14. Januar 1993: 15 Seemeilen östlich von Rügen kentert in schwerem Sturm die polnische Ro-Ro-Fähre „Jan Heweliusz“ auf der Ostsee. Neun Crewmitglieder werden gerettet, vermutlich 55 Menschen ertrinken.
28. September 1994: Die estnische Ostseefähre „Estonia“ (15.556 BRT, 144 Meter lang) sinkt bei Sturm mit fast 1000 Menschen an Bord vor der südwestlichen Küste Finnlands. 852 Menschen ertrinken, 137 überleben. Zur Unglücksursache gibt es mehrere Gutachten und bis heute viele Spekulationen.
8. Juli 1999: Brand auf der Norwegenfähre kurz vor Göteborg – ein Opfer. Im Maschinenraum der Norwegenfähre „Prinsesse Ragnhild“ der norwegischen Reederei Color Line bricht auf der Fahrt von Kiel nach Oslo vermutlich durch eine defekte Brennstoffleitung ein Feuer aus. Alle 1167 Passagiere werden von Bord geholt.
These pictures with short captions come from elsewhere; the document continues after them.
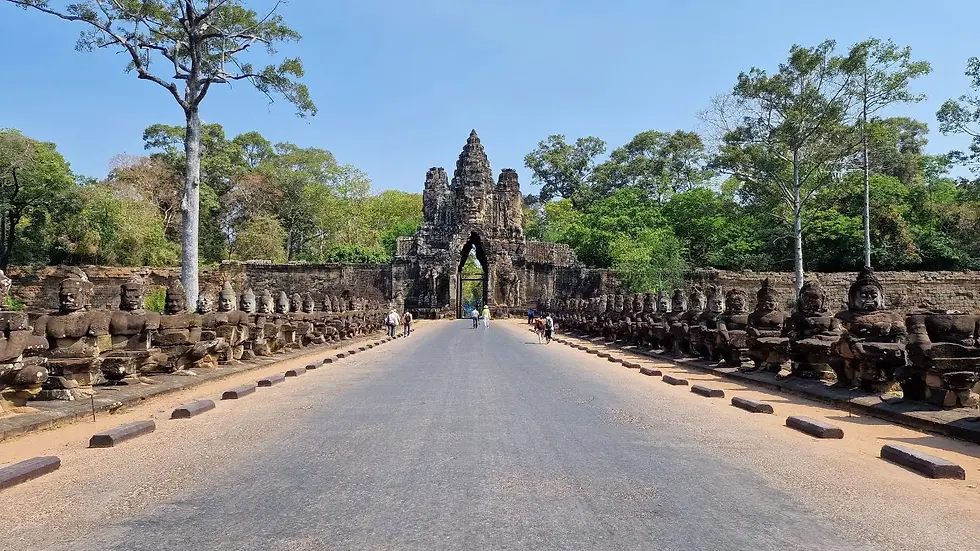 Ancient stone gate with statues on each side, trees in background. People walk along the pathway, sky is clear blue. Calm, historical scene.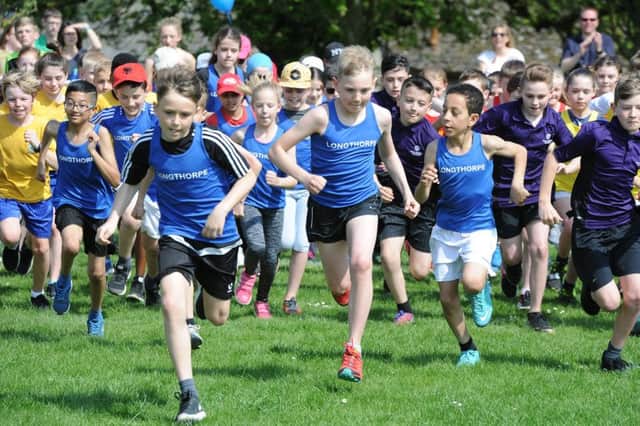 Barnack primary school fun runs. Action from the races EMN-180421-171520009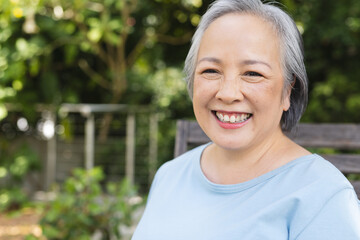 Outdoors, Asian senior female standing, smiling with greenery behind, copy space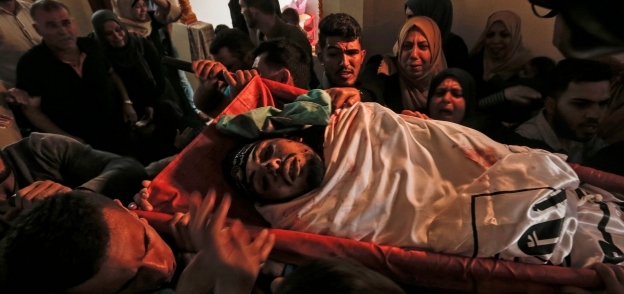 أحد الشهداء فى قطاع غزة أثناء تشييع جثمانه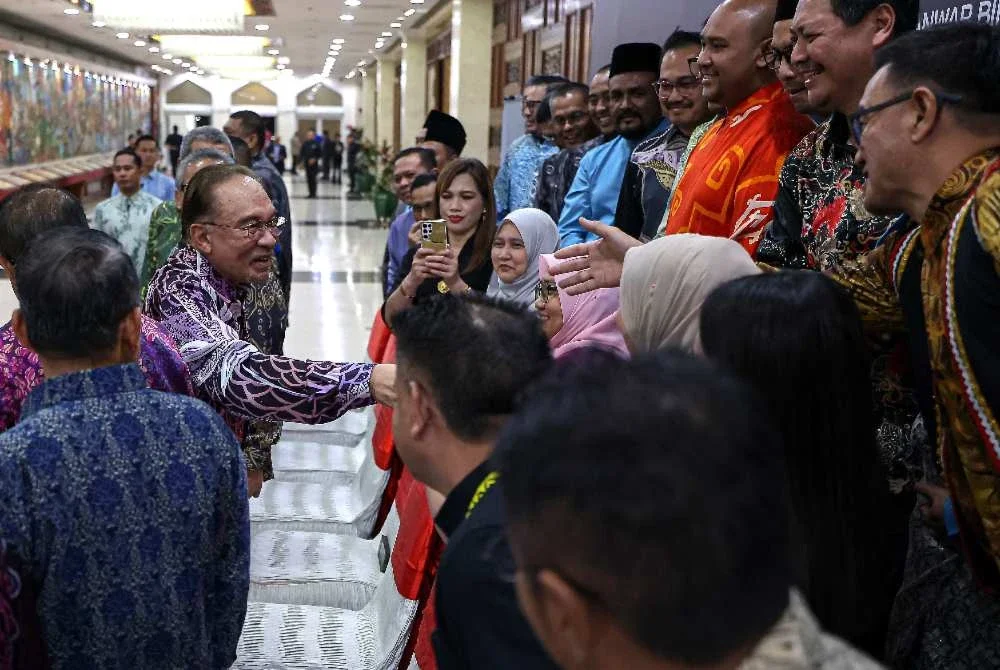 Anwar (kiri) beramah mesra dengan orang ramai ketika hadir pada Majlis Makan Malam sempena Konvensyen Kongress Tritahunan Cuepacs ke-30 di Pusat Dagangan Dunia Kuala Lumpur pada Rabu. Foto: Bernama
Eine 70-jährige Norwegerin erleidet eine Herzattacke und stirbt.
26. November 1999: Die norwegische Katamaran-Fähre „Sleipner“ läuft im Bomla-Fjord bei stürmischer See auf ein Riff und sinkt in der Nordsee. An Bord waren 88 Menschen. Es gibt 16 Tote.
23. Juli 2009: Zwei Passagierfähren stoßen bei dichtem Nebel vor der schwedischen Küste zusammen. Mehr als 20 Menschen wurden verletzt. Der Unfall passierte bei Nynashamn, rund 60 Kilometer südwestlich von Stockholm. Eine der Fähren war die MS "Gotland" mit etwa 1500 Menschen an Bord. Die andere Fähre war halb so groß.
9. Oktober 2010: Die Ostsee-Fähre „Lisco Gloria“ mit 249 Menschen an Bord gerät nach einer Explosion auf der Ostsee vor Fehmarn in Brand. Alle Passagiere und die Crew können gerettet werden. Mehrere Menschen wurden verletzt. Das Fährschiff war auf der Fahrt von Kiel ins litauische Klaipeda.